Task goal: I would like the line with "(((Охота на пауков)))" and every line after it, down to the end of the entries below, output exactly and without pictures.

(Short descriptive text snippets)
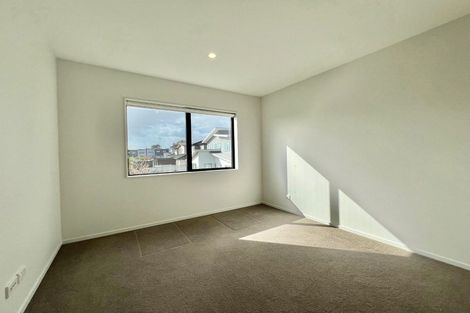 Photo of property in 14 Orford Lane, Takanini, 2112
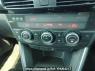 Used 2013 AT mazda cx-5 KEEFW Image[21]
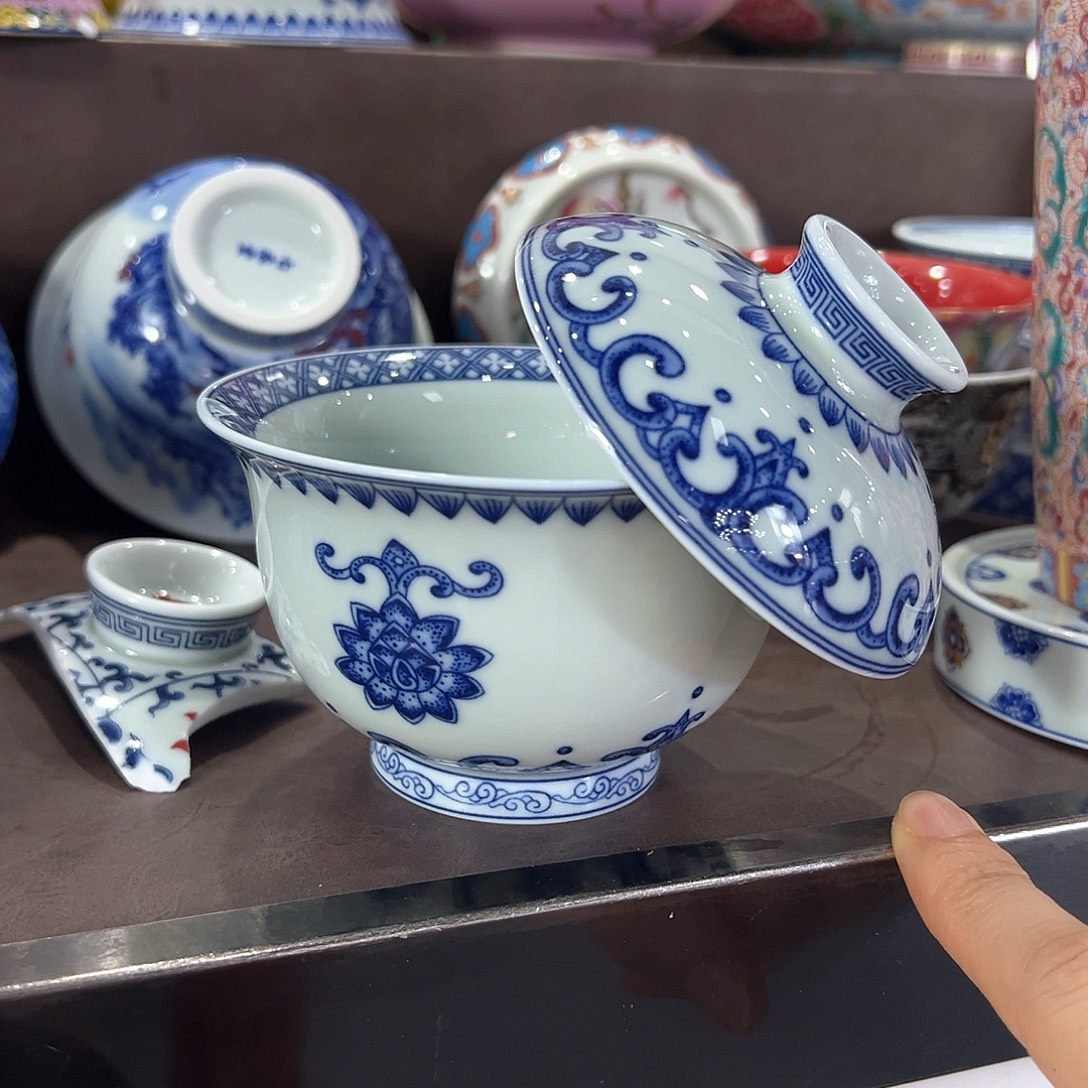 景德镇景德镇景德镇景德镇陶瓷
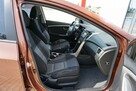 Hyundai i30 Klima, Czujniki, Multifunkcja, LED, GWARANCJA, Alu, Hak, GWARANCJA,ASO - 14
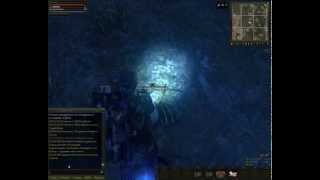 Stalker Online  Прохождение квеста (((Охота на пауков)))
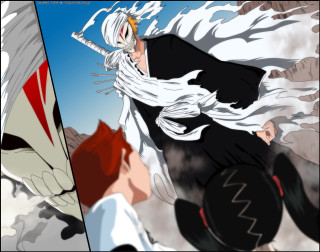 Man sword man sword sky - his hand and another man free wallpaper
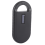 Pet Scanner Reader Smart Chip Handheld ID Transponder for Animal Identification Tag 2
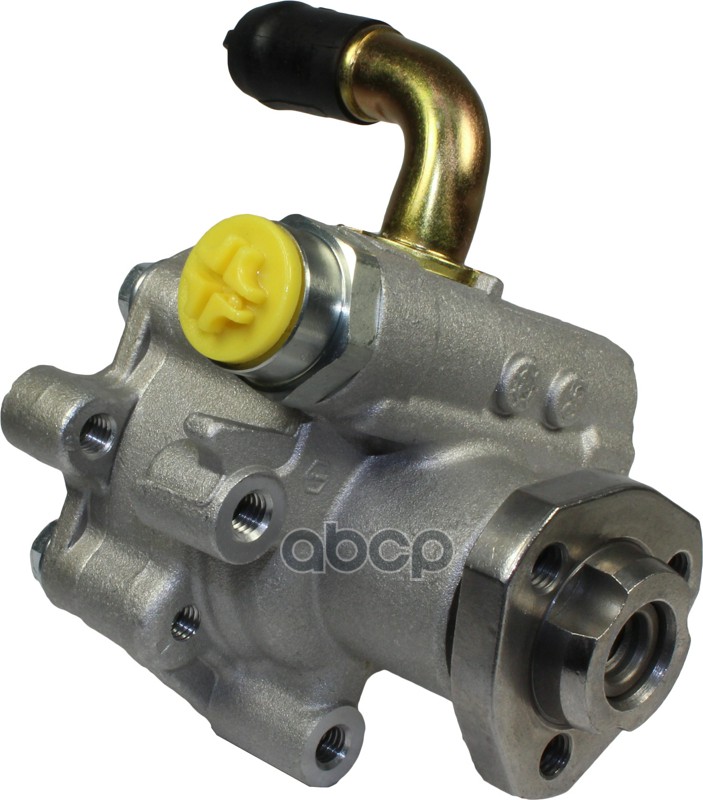 Насос гидроусилителя руля Motorherz арт. P1239HG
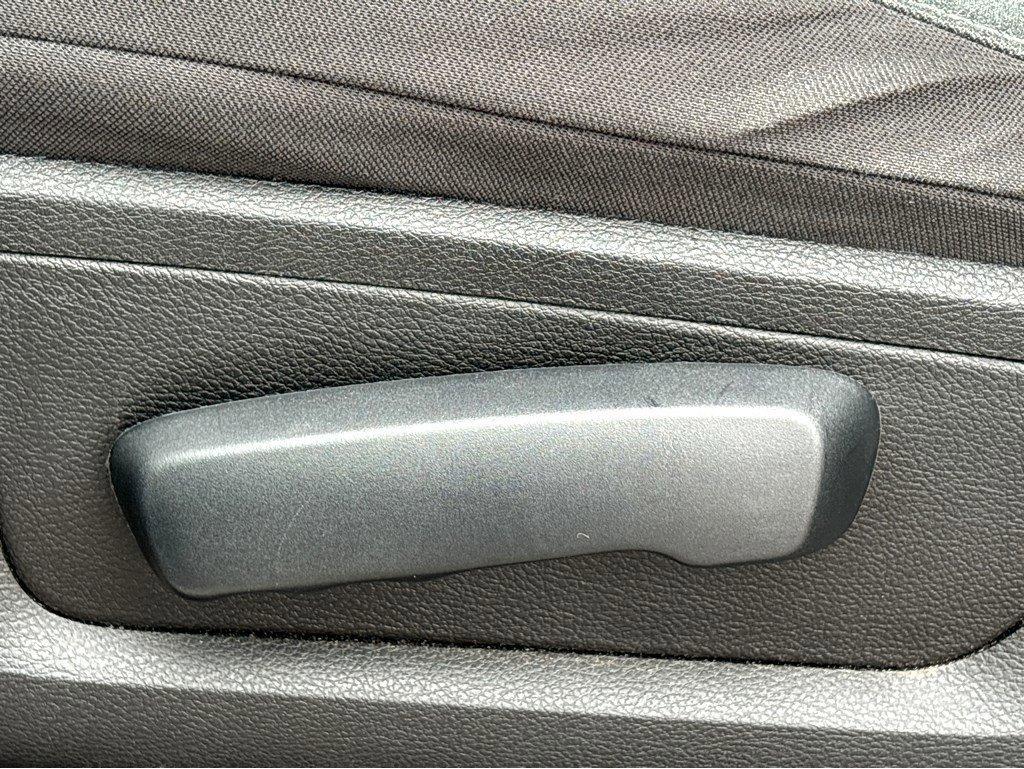 2024 Ram 1500 Classic Vehicle Photo in SAVANNAH, GA 31406-4513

Solution to this problem:
 Stalker Online  Прохождение квеста (((Охота на пауков)))
 Man sword man sword sky - his hand and another man free wallpaper
 Pet Scanner Reader Smart Chip Handheld ID Transponder for Animal Identification Tag 2
 Насос гидроусилителя руля Motorherz арт. P1239HG
 2024 Ram 1500 Classic Vehicle Photo in SAVANNAH, GA 31406-4513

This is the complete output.